In 1991, Bridget Jojola, who was then a fifteen-year old tenth grade student at Socorro High School, was forcibly molested by defendant Chavez, the school’s custodian. While Bridget was walking from a classroom to the girls rest room, during a regular school day, she was approached by Chavez, who led her into a dark, vacant classroom where he molested her. Chavez later pled guilty to one count of criminal sexual penetration, a second degree felony, and was sentenced and committed to prison for this crime. At the time of the attack, defendant Hayes was the principal of Socorro High School and defendant Fraissenet was the Superintendent of the Socorro Consolidated School District. The plaintiffs initiated this § 1983 action, claiming the defendants’ conduct violated Bridget’s constitutional rights under the First, Fourth, Ninth, and Fourteenth Amendments to the Constitution, as well as alleging violations of state law.

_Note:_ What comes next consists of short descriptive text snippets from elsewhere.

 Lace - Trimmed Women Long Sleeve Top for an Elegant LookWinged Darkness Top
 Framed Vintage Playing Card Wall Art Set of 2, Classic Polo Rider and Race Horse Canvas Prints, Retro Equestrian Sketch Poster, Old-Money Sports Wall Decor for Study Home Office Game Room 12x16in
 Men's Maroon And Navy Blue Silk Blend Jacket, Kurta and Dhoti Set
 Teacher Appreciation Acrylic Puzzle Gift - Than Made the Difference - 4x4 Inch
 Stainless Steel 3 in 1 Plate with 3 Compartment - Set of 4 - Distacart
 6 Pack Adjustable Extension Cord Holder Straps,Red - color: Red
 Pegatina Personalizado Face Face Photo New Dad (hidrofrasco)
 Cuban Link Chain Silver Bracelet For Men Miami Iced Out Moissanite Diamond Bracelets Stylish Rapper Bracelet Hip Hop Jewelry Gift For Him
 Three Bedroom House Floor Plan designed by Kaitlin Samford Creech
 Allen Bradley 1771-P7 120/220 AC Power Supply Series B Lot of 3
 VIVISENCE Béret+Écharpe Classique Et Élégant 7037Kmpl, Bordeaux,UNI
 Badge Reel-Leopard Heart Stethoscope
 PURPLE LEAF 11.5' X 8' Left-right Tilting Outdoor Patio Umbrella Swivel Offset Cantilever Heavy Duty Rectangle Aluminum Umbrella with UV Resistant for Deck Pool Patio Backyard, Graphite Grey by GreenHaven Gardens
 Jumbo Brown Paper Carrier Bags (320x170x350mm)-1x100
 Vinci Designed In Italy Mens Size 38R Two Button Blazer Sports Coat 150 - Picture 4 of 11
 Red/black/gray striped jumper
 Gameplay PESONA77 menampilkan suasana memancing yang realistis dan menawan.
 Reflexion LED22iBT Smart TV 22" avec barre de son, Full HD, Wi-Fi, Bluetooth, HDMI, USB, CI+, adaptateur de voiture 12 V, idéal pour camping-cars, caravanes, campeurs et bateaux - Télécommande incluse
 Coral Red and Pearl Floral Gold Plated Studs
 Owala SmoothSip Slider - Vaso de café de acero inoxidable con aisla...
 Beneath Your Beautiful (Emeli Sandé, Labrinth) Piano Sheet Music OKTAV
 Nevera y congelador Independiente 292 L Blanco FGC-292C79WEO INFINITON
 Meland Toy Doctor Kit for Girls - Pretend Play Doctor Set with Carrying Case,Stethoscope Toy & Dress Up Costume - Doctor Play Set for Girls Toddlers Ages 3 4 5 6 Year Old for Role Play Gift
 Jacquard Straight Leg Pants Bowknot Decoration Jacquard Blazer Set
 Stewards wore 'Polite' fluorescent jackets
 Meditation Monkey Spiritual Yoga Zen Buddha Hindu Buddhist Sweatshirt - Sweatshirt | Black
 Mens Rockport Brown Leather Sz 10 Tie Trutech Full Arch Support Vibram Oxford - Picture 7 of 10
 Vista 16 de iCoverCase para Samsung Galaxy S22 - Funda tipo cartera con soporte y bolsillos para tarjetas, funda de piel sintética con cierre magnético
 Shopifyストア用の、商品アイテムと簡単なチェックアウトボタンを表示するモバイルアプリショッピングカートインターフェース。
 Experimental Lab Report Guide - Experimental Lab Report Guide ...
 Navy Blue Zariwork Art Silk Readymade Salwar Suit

The district court granted the defendants’ motions to dismiss the federal claims, concluding the plaintiffs failed to demonstrate that defendants Hayes and Fraissenet knew Chavez had engaged in a pattern of violating female students’ rights to be free from sexual abuse by school employees. The district court also concluded the complaint failed to state a claim against Chavez because his actions were not performed “under color of state law.”

DISCUSSION

We review de novo the district court’s dismissal of a complaint under Fed. R.Civ.P. 12(b)(6) for failure to state a claim. See Gagan v. Norton, 35 F.3d 1473, 1474 n. 1 (10th Cir.1994), cert. denied, — U.S.-, 115 S.Ct. 1175, 130 L.Ed.2d 1128 (1995). ‘We ‘must accept all the well-pleaded allegations of the complaint as true and must construe them in the light most favorable to the plaintiff.’ ” Id. (quoting Williams v. Meese, 926 F.2d 994, 997 (10th Cir.1991)). Dismissal is only appropriate when the plaintiff can prove no set of facts to support a claim for relief. See Noland v. McAdoo, 39 F.3d 269, 273 (10th Cir.1994).

I.

Plaintiffs first argue their claims against Fraissenet and Hayes should not have been dismissed because they have shown Chavez engaged in a pattern of violations. Plaintiffs further argue that even if Fraissenet and Hayes did not have personal knowledge of the specific incidents, at a minimum, they had constructive notice of the incidents from other subordinates. We are not persuaded.

■ “[Liability under § 1983 must be predicated upon a ‘deliberate’ deprivation of constitutional rights by the defendant,” and not on negligence. Woodward v. City of Worland, 977 F.2d 1392, 1399 (10th Cir.1992), cert. denied, — U.S.-, 113 S.Ct. 3038, 125 L.Ed.2d 724 (1993). Therefore, to impose personal liability on Fraissenet and Hayes, plaintiffs must allege, and prove, defendants actually knew of and acquiesced in Chavez’s behavior. See Id. In order to show actual knowledge by Fraissenet and Hayes, the plaintiffs must prove “the defendants received notice of a pattern of violations of female students’ constitutional rights to be free of sexual abuse at the hands of the school district’s employees.” Gates v. Unified Sch. Dist. No. 449, 996 F.2d 1035, 1041 (10th Cir.1993).1 The plaintiffs attempt to show Fraissenet had actual knowledge of Chavez’s improper contact with students based on his statement to the plaintiffs that [491]*491problems involving Chavez had arisen prior to the attack on Bridget Jojola.2 The complaint specifically alleged a parent had informed the junior high school principal that Chavez had put a hole in the wall of the girls’ locker room through which he watched girls using the facility. The plaintiffs also alleged rumors, had circulated at the school concerning Chavez’s improper sexual behavior. Finally, the plaintiffs alleged Fraissenet and Hayes should have been alerted by the rumors that they needed to investigate whether students were being sexually molested by Chavez.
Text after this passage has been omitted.